Print the records below exactly, starting at the first line and stopping after the line that contains "You may pause". Leave out any pictures.

| Given records |
-------------------------
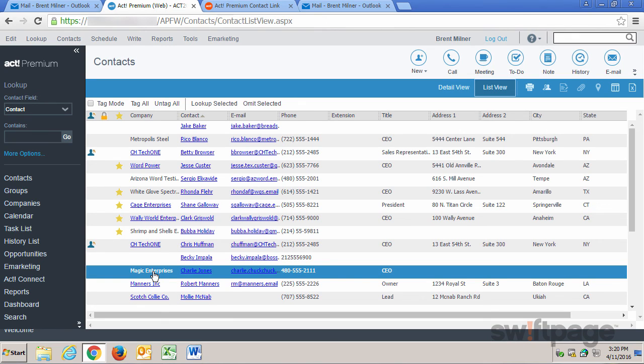So as you can see, connecting to Outlook from ACT Connect is easy, and it keeps all of your contacts up to date.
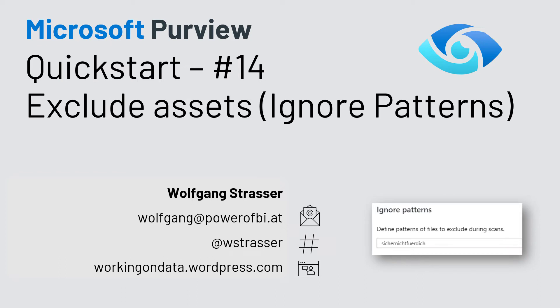It's Quick Start time again. Welcome to another episode of the Microsoft Purview Quick Start series. And if you asked yourself how to exclude specific assets during a scan within Purview, that's the right session for you.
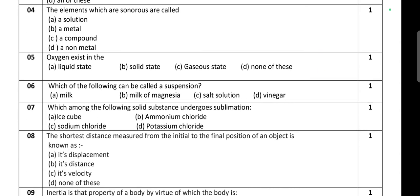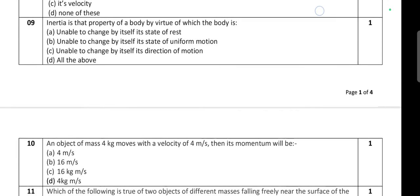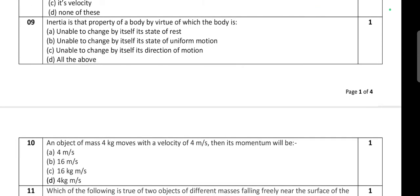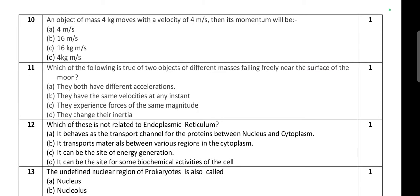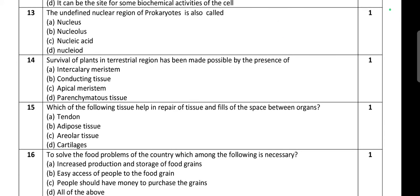You may pause the video and take screenshots, or write the questions in a separate notebook. This question paper will help you as a sample question paper for practice. All previous year question papers are being uploaded on our channel.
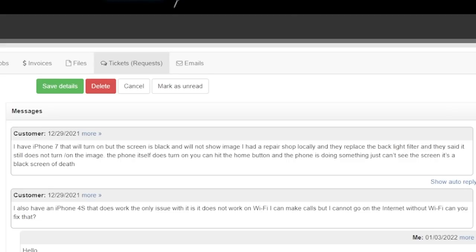Hey everyone, Jason here. I hope you're all doing really good. I have an iPhone 7 that will turn on but the screen is black and will not show an image. I had a repair shop locally and they replaced the backlight filter and they said it still does not turn on the image. The phone itself does turn on, you can hit the home button and the phone is doing something, you just can't see an image on the screen.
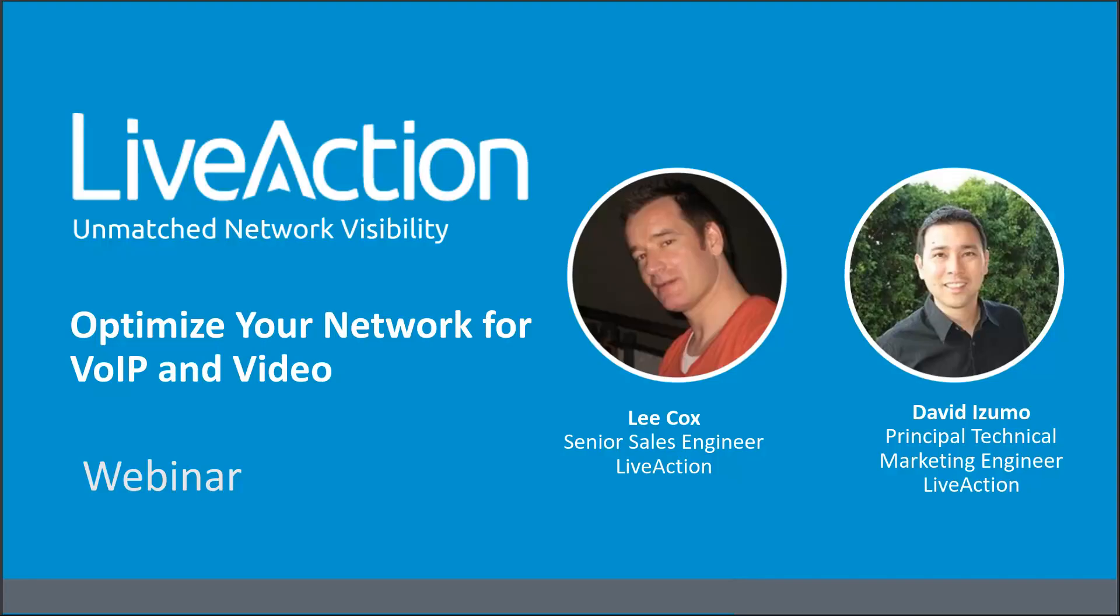for voice and video. Hi everyone. Again, thanks again for joining today's session, Optimize Your Network for Voice and Video.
-------------------------
| Written answer |
So as you can see, connecting to Outlook from ACT Connect is easy, and it keeps all of your contacts up to date.
It's Quick Start time again. Welcome to another episode of the Microsoft Purview Quick Start series. And if you asked yourself how to exclude specific assets during a scan within Purview, that's the right session for you.
You may pause the video and take screenshots, or write the questions in a separate notebook. This question paper will help you as a sample question paper for practice. All previous year question papers are being uploaded on our channel.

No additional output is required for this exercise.